Summer nightmare for commuters
The Commodore, as he was known, built one of the largest railroad systems in the United States at the time. Leaving his shipping business behind, Cornelius Vanderbilt, along with other financial titans of the time, saw the future in the railroad. By 1870 he had established both the New York Central Railroads and the Hudson River Railroads, as well as Grand Central Station in Manhattan.
These lines may be the saviors of commuters west of the Hudson this summer, as repairs begin on the North River Tunnels coming into Penn Station. Commuters can drive to Beacon and pick up Metro North into Grand Central Station to avoid the delays that are promised by using the New Jersey Transit lines going into Penn Station.

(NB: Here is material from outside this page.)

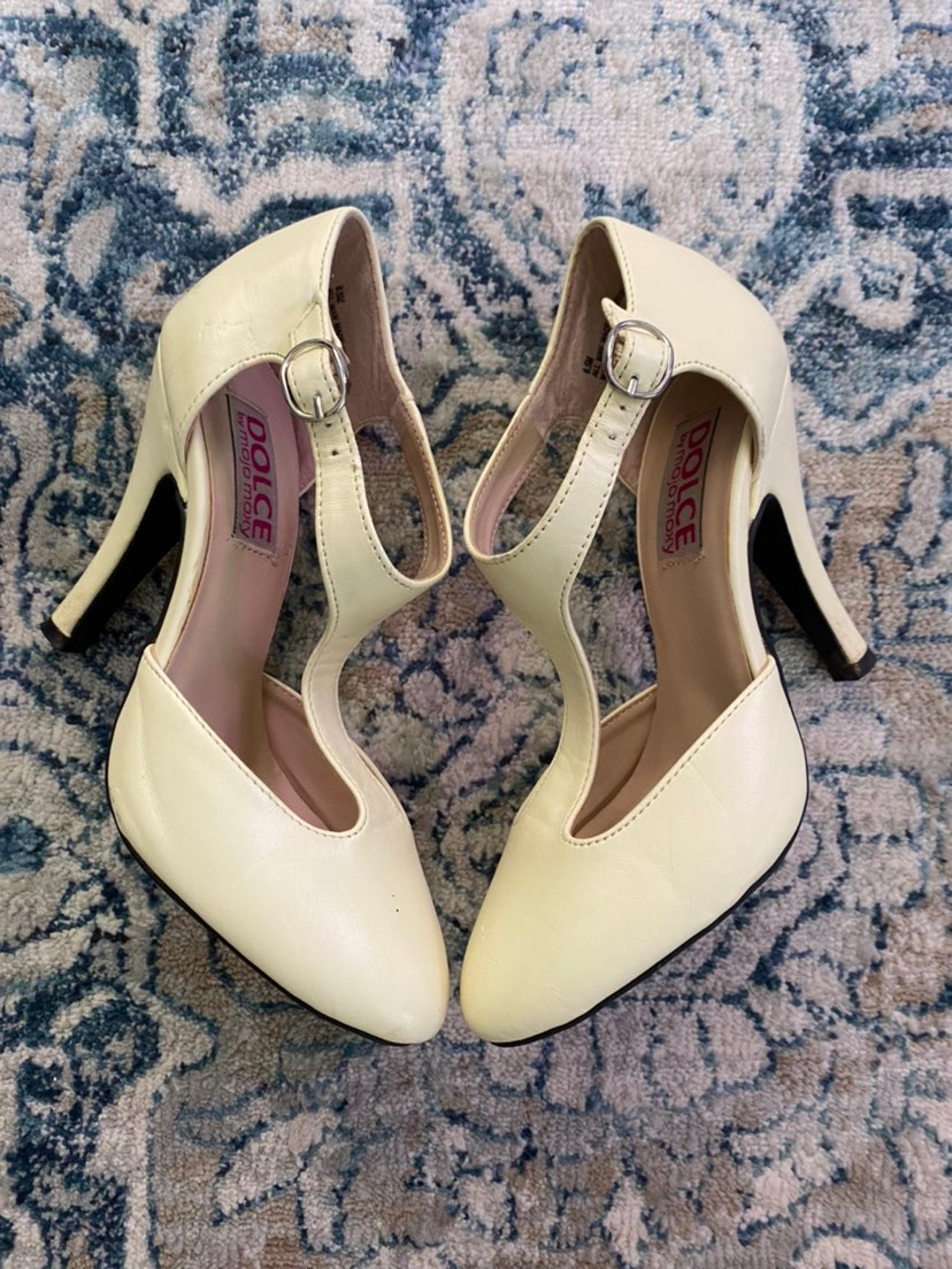 Dolce by MOJO Moxy T-Strap Heels size 6.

The arch rival of the Commodore, John Edgar Thomson, also saw the future in the railroad and built among others the Pennsylvania Railroad. His corporation grew west of the Hudson and eventually acquired the rights to build two North River rail tunnels under the Hudson that would lead into a station in Manhattan bearing its name. Construction began in 1904, 113 years ago, and opened passenger service into the new Penn Station in 1910.
In 1968, Amtrak was established by the Federal Government, giving it sole rights to access to the tracks and access to Penn Station. The rights, however, never included the necessary funding for critical upkeep, repair and maintenance. Almost 50 years of neglect have finally taken their toll. New Jersey Transit runs on these lines, and has no control over the tracks or access into Penn Station unless Amtrak agrees to the schedule. Therein lies the fate of the commuters who in many cases this summer will see longer commutes adding hours of delays to an already long trip. Port Jervis commuters will see a 2.5- to 3-hour commute grow to 3.5 or 4 hours—each way.
Long time commuters like myself will tell you that the trip into Penn Station has been hampered by delays for years. The repairs that were done were mere Band-Aids through the years, and this was before Hurricane Sandy in 2012. Sandy raged havoc on the system, especially the two North River tunnels, which flooded for the first time in its history. The flooding damaged the electrical system and the switches, and more Band-Aids were applied to get the tunnels back up and running.
That brings us to the summer of 2017 and the nightmare that is scheduled to begin on July 7 and run to September 1. It is a very good bet that it will linger longer into the fall with additional delays.
Most of the NJ Transit trains will be diverted to Hoboken, as Amtrak will retain its exclusivity coming into Penn Station. In Hoboken the choice is the PATH system, which has many delays of its own, or the New York Waterway ferry, which is much more expensive. Having done this before, I can tell you firsthand that the crowds at the PATH platforms in Hoboken will be four to five people deep on both sides of the train. Only one side opens at a time, and by the time the doors open on the other side, the train is packed. It is a stampede as the flood of people occupy the train car, doors are delayed in closing as people hold them trying to squeeze on. People will push and shove and in the dog days of summer, tempers will flare to be sure.
Hopefully cool heads will prevail. Commuters may be able to work from home or change their schedules for the summer, coming in early or late as their workplace allows. Worst case scenario is that the system adapts the use of “pushers” who will push the people into the cattle cars to get them going. I recommend using that vacation time we may have accrued this summer and skipping this summer nightmare altogether.